# SR1911 Holster



## Cool Hand Luke (Sep 11, 2012)

Looking for an affordable leather field holster for my Ruger SR1911. Would like to have the spring steel belt clip for easy on/off if possible. Anyone have ideas? Thanks


----------



## buddy48 (Sep 11, 2012)

You mean you actually have a Ruger SR1911!?!?!?!?!? I was beginning to think that was an Urban Legend!! I have yet to see one in person!!


----------



## Cool Hand Luke (Sep 11, 2012)

Yessir, bought it a few months ago. If you looking for one, Dawsonville Gun & Pawn had one. It is a sweet shooter.


----------



## rabbithound (Sep 11, 2012)

Arrowhead in Forest Park one had one about 3 weeks ago.


----------



## frankwright (Sep 12, 2012)

You are not going to be happy with any on the waistband holster that holds it on with a metal clip.
I would go with a custom holster from Lobo, nice leather, affordable and quick on and off with the leather snaps.

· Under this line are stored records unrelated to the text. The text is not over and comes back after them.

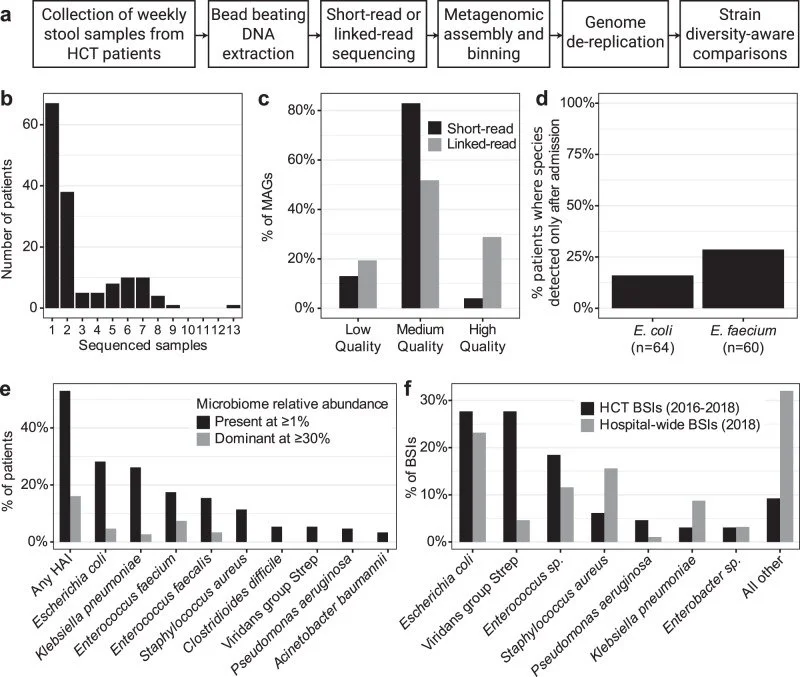 Charts and flowchart showing a laboratory method for analyzing bacteria in patient samples and comparing infection rates.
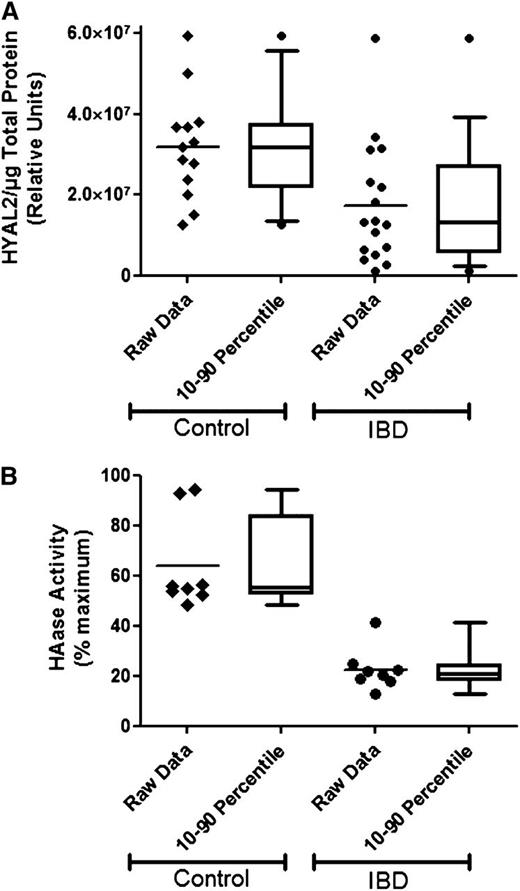 Figure 7. Platelets from IBD patients have lower HYAL2 and hyaluronidase activity than their non-IBD counterparts. Platelets collected from IBD patients and from healthy controls, as approved by the Cleveland Clinic Institutional Review Board, were washed and lysed. Total protein concentration of platelet lysates was determined by using Bradford assay. (A) Total protein (25 µg) from each sample was analyzed by immunoblotting for HYAL2. Densitometry analysis (ImageQuant TL, GE Healthcare Life Sciences, Fairfield, CT) showed that platelets from IBD patients (n = 17) displayed an average reduction of 45% in HYAL2 protein levels compared with non-IBD controls (n = 13; P = .01). (B) Platelet lysates containing 400 µg of total protein were analyzed for their hyaluronidase activity. Platelet lysates were incubated with purified HA immobilized to wells of a 96-well plate for 18 hours at 37°C (pH 3.5). Lysates and digested HA were then washed, and remaining HA on the wells was detected colorimetrically. IBD platelets demonstrated significantly lower hyaluronidase activity (n = 8) compared with their healthy counterparts (n = 8; P < .001). Data are presented as both a scatter plot showing mean and a box-and-whiskers plot showing median of 10 to 90 percentiles.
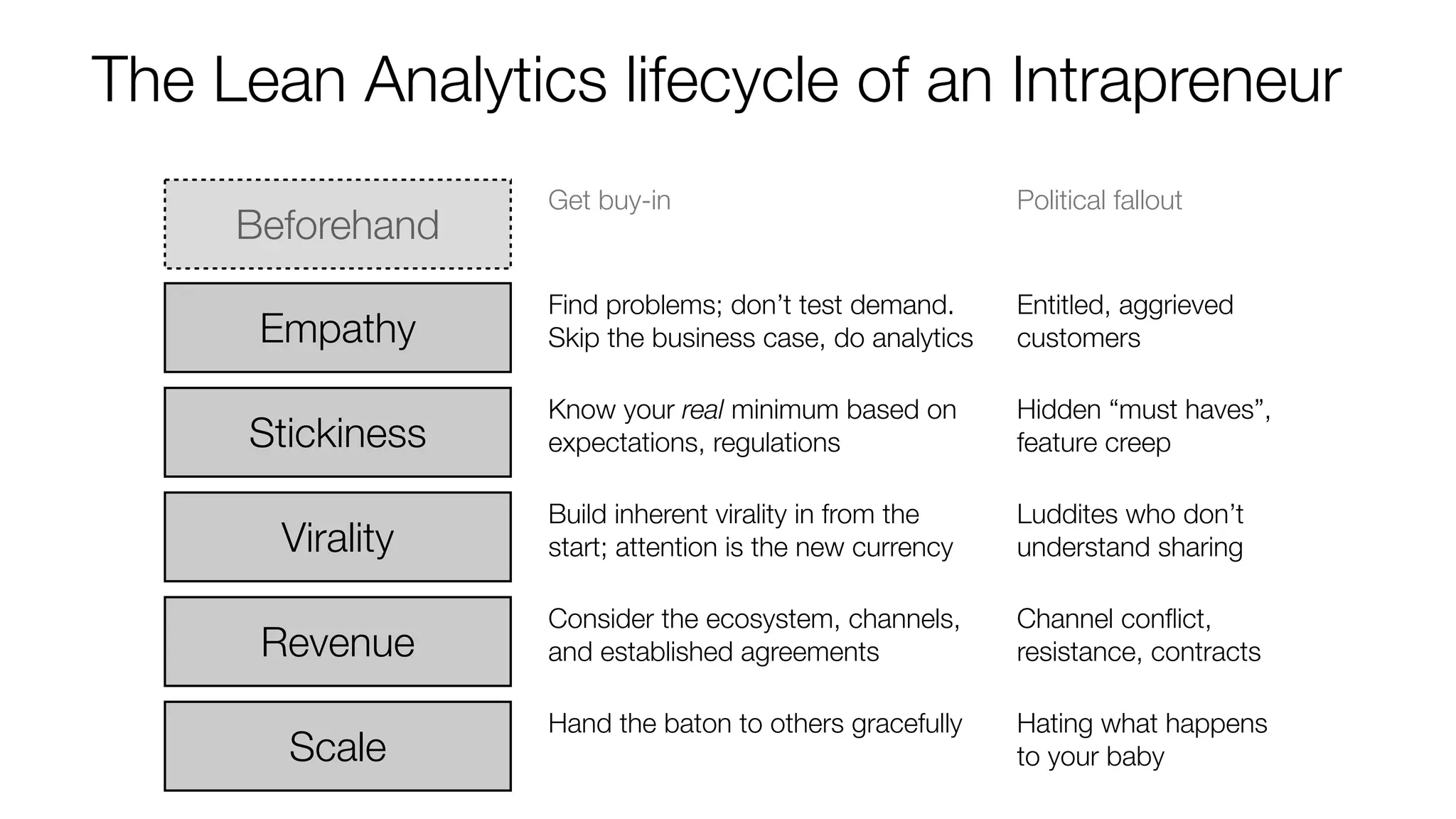 The Lean Analytics lifecycle of an Intrapreneur
Get buy-in

Political fallout

Find problems; don’t test demand.
Skip the business case, do analytics

Entitled, aggrieved
customers

Stickiness

Know your real minimum based on
expectations, regulations

Hidden “must haves”,
feature creep

Virality

Build inherent virality in from the
start; attention is the new currency

Luddites who don’t
understand sharing

Revenue

Consider the ecosystem, channels,
and established agreements

Channel conﬂict,
resistance, contracts

Hand the baton to others gracefully

Hating what happens
to your baby

Beforehand
Empathy

Scale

http://www.lobogunleather.com/4_1-sl_pancake_style_snap-loop


----------



## Dub (Sep 12, 2012)

Or a pancake from Simply Rugged.  I'm going to spring for a Celtic knot detailing on my next Simply Rugged holster.


----------



## Cool Hand Luke (Sep 13, 2012)

Thanks gentlemen.


----------



## Cool Hand Luke (Sep 27, 2012)

I ended up buying the Lobo Model 1-SL in Cordovan Brown lined with smooth leather with slide shield and basketweave tooling for $99.00 including shipping. Look forward to getting it...Thanks Frank.


----------



## HillbillyJim (Sep 27, 2012)

Give the guys over at rugerforum.net a look see.  Lot's of Ruger specific info and lot's of SR1911 info.  Good Luck


----------



## Buckhead (Oct 11, 2012)

I carry my SR1911 in a M9 Bianchi military holster.  Fits perfect.  Will get a IWB holster if I ever decide to carry it concealed.


----------



## Cool Hand Luke (Oct 12, 2012)

Looks like a nice set-up Buckhead. Love my SR1911.


----------



## Michael F. Gray (Nov 2, 2012)

I've carried a 1911 on and off duty as LEO. My daily carry rig for over 30 years has been Bianchi's Askin's Avenger. I purchased one for my son used on the net. A 1911 is a substantial weapon. Be careful of the belt clips. A good belt rig will secure your weapon, ...and it will be there when you need it. As Clint Smith says, "I don't carry a 1911 to be comfortable, but to be comforting."


----------